[Opening EXTRACTED RECORDS section]

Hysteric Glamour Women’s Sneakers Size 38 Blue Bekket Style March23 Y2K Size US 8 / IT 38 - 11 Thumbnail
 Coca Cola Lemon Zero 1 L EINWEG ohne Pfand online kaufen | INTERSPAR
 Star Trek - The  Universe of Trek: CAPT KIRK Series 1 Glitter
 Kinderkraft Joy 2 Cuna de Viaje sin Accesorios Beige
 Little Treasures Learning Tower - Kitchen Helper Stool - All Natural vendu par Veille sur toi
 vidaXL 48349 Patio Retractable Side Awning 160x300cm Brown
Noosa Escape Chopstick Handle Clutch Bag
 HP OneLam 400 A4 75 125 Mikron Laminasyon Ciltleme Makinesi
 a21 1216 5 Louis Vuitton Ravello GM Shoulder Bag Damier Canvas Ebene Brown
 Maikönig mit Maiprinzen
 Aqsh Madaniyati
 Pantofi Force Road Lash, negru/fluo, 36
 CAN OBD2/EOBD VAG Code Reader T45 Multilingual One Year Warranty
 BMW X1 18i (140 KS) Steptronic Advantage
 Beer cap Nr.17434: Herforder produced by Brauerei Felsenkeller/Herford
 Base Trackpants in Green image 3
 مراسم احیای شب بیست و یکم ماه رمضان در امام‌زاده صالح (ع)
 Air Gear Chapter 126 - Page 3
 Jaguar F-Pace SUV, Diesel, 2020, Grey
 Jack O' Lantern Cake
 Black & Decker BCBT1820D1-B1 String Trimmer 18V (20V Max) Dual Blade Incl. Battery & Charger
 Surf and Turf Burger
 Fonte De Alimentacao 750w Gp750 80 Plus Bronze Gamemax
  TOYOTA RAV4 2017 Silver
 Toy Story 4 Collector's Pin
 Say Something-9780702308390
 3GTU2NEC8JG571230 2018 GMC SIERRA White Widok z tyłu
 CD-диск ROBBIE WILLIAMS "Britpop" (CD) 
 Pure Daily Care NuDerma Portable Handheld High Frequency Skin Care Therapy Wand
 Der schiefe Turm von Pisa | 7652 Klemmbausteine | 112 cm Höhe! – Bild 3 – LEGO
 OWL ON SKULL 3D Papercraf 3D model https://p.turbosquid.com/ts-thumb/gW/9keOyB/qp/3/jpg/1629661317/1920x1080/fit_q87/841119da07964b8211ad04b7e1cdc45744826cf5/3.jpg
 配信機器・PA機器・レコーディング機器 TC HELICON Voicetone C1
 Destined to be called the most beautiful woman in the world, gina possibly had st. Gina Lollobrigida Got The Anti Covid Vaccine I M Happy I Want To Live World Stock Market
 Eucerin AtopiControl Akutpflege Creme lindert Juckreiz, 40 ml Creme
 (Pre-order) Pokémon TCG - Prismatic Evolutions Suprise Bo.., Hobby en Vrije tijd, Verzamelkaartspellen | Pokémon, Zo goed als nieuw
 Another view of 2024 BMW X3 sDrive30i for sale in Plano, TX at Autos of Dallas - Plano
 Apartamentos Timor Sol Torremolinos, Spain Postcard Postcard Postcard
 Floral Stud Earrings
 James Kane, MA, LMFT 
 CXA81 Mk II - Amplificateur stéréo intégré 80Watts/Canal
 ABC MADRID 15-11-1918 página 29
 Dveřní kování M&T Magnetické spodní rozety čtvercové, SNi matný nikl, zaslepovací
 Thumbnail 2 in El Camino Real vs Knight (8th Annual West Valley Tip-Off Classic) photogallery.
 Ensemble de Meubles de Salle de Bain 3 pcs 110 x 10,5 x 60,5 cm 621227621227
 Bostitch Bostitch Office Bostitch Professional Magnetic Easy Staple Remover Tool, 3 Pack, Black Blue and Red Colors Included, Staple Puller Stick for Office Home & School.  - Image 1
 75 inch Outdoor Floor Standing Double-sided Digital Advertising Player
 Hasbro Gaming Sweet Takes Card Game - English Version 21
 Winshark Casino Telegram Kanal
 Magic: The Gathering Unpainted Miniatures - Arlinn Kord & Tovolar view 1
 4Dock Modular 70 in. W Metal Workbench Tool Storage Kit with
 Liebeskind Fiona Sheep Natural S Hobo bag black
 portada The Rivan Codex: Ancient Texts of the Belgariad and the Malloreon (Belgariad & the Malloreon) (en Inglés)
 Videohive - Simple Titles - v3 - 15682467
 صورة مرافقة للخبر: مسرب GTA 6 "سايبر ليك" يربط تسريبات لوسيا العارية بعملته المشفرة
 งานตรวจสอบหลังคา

[Closing EXTRACTED RECORDS section]

Set down exactly the lines of the data above, beginning with the line that has "Floral Stud Earrings" and ending with the line that has "Dveřní kování M&T", and no others.

 Floral Stud Earrings
 James Kane, MA, LMFT 
 CXA81 Mk II - Amplificateur stéréo intégré 80Watts/Canal
 ABC MADRID 15-11-1918 página 29
 Dveřní kování M&T Magnetické spodní rozety čtvercové, SNi matný nikl, zaslepovací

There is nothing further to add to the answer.